▶ Requirement: Once the line holding "Inviting outdoor pool" is found in the entries below, transcribe exactly every line up to and including the one holding "Navy and rust", but leave out the pictures.

▶ Provided data:
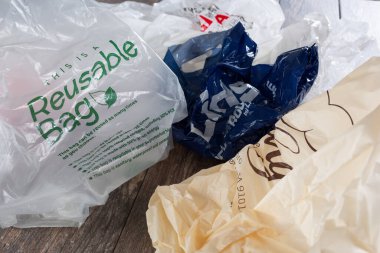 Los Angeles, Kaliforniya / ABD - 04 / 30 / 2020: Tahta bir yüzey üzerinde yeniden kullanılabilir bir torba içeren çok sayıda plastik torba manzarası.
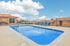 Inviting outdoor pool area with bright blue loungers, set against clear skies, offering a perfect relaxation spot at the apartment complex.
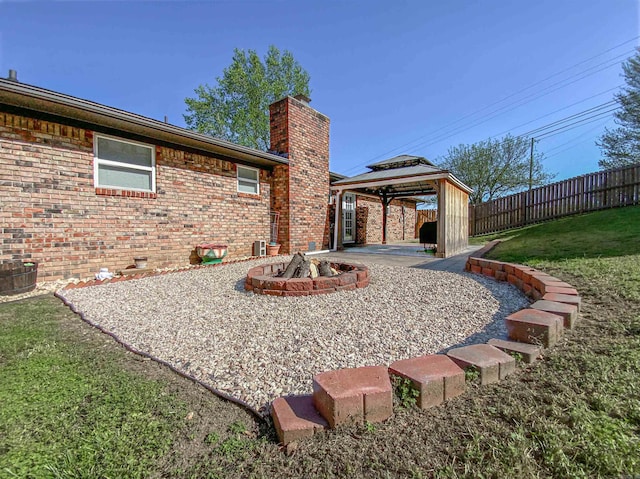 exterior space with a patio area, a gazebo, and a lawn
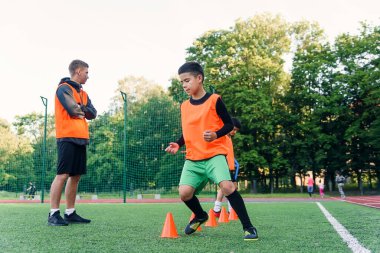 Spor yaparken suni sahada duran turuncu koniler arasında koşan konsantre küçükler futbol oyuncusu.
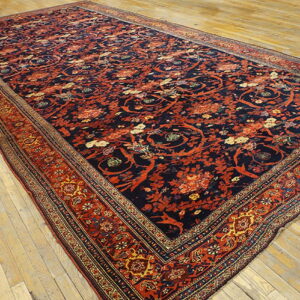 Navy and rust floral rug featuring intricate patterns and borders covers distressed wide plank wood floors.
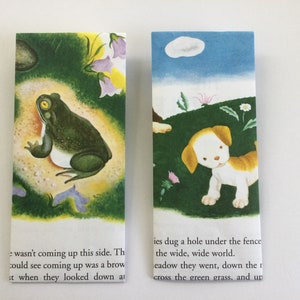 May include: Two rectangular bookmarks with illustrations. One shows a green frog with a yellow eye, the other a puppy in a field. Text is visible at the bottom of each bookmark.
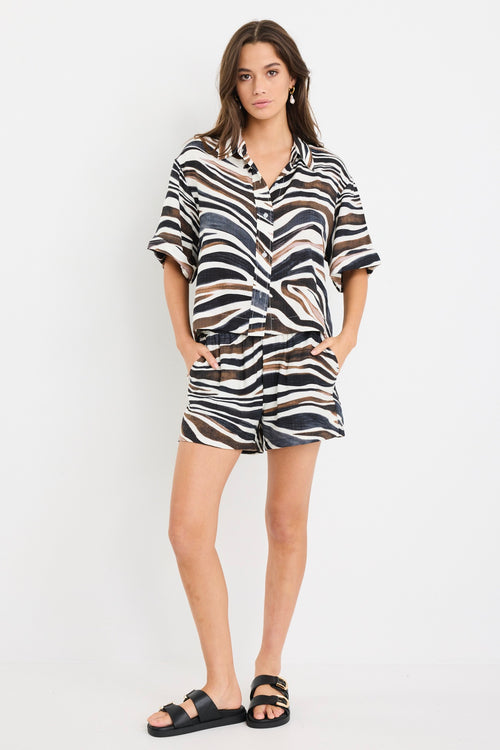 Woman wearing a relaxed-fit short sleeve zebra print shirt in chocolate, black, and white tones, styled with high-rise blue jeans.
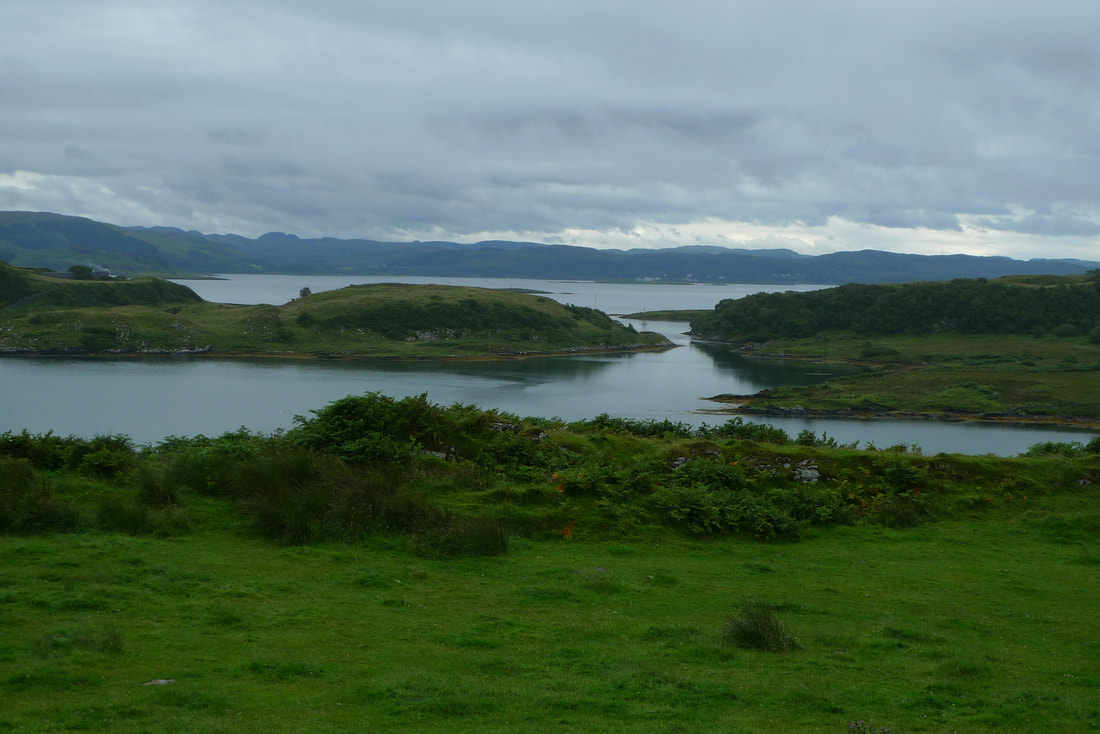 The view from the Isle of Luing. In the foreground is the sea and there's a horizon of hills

▶ Task result:
 Inviting outdoor pool area with bright blue loungers, set against clear skies, offering a perfect relaxation spot at the apartment complex.
 exterior space with a patio area, a gazebo, and a lawn
 Spor yaparken suni sahada duran turuncu koniler arasında koşan konsantre küçükler futbol oyuncusu.
 Navy and rust floral rug featuring intricate patterns and borders covers distressed wide plank wood floors.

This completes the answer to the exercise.